Personally, I think the node-semver implementation is really about dependency resolution and making some reasonable assertion about what people want to do when they fetch a dependency. This is great and has practical application in its domain.

For a pure semver library though, I would rather see an implementation that supports prerelease ranges that is purely about the sort precedence of the versions and leave the dependency resolution details out of the range expression implementation. Something like:

An expression of '>=1.2.3-rc.1' would be satisfied by:

1.2.3-rc.1
1.2.3-rc.2
1.2.3
1.2.4-alpha.0
1.2.4
1.3.0-alpha.0
1.3.0
2.0.0

An expression of '~1.2.3-rc.1' would be equivalent to '>=1.2.3-rc.1 & <1.3.0-0' (prerelease 0 is the lowest possible prerelease) and satisfied by:

1.2.3-rc.1
1.2.3-rc.2
1.2.3
1.2.4-alpha.0
1.2.4

An expression of '^1.2.3-rc.1' would be equivalent to '>=1.2.3-rc.1 & <2.0.0-0' and satisfied by:

1.2.3-rc.1
1.2.3-rc.2
1.2.3
1.2.4-alpha.0
1.2.4
1.3.0-alpha.0
1.3.0

I can then present those to my dependency management tooling and make a decision on whether or not to accept a given prerelease version without clouding the semver range expression syntax with decisions that are driven by a requirement that may not hold in all contexts.

If you want to do filtering the way node-semver does, you would probably need access to the range expression AST to make the right decisions.

Eric, thank you for following up. Give me some time to digest this and I'll get back to you soon.

I have a use-case for this as well, so I'm curious what your thoughts are on it? Also, I've noticed that the 'satisfies' functionality doesn't seem to work on versions with a tilde - Is that a related issue?

Thanks for the insights!

@eric-isakson @jrmash thank you guys for your feedback and suggestions. I must say that I totally agree with what Eric has proposed in his last comment. I'll be shipping this feature with the next release (0.10.0).

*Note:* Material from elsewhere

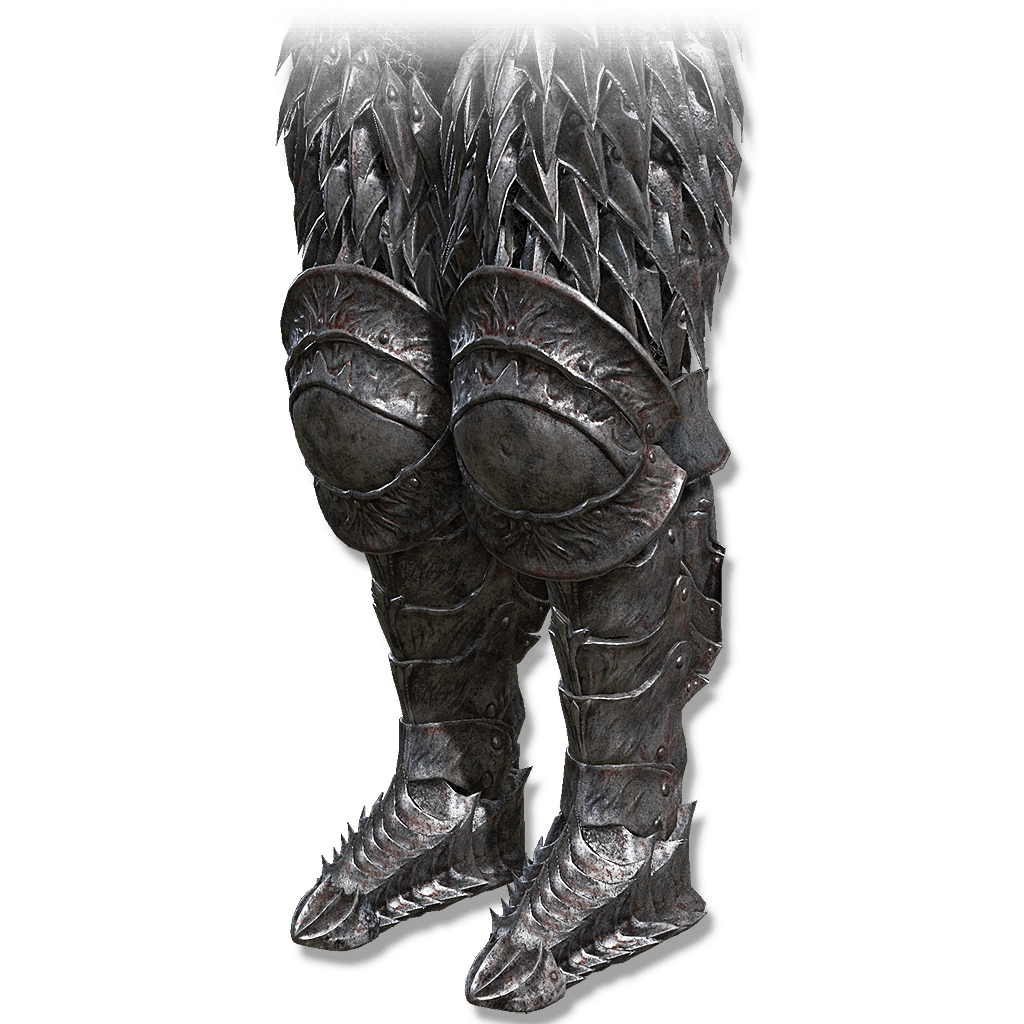 13523 Fire Prelate Greaves armor 13523 Fire Prelate Greaves armor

@jrmash I don't think the tilde ranges are somehow related to this issue unless you're using pre-release versions, other than that the tilde ranges should work as expected. If you believe otherwise, please create a separate issue and provide an example of what's not working for you and I'll take a look. Thank you.

@zafarkhaja I should have been clearer with my inquiry, but yes I am/was using tilde ranges with pre-release versions and the 'satisfies' feature.

@zafarkhaja could you tell me the status on this?

Any help required?

Closing this issue in favor of #70, the progress can be followed from there.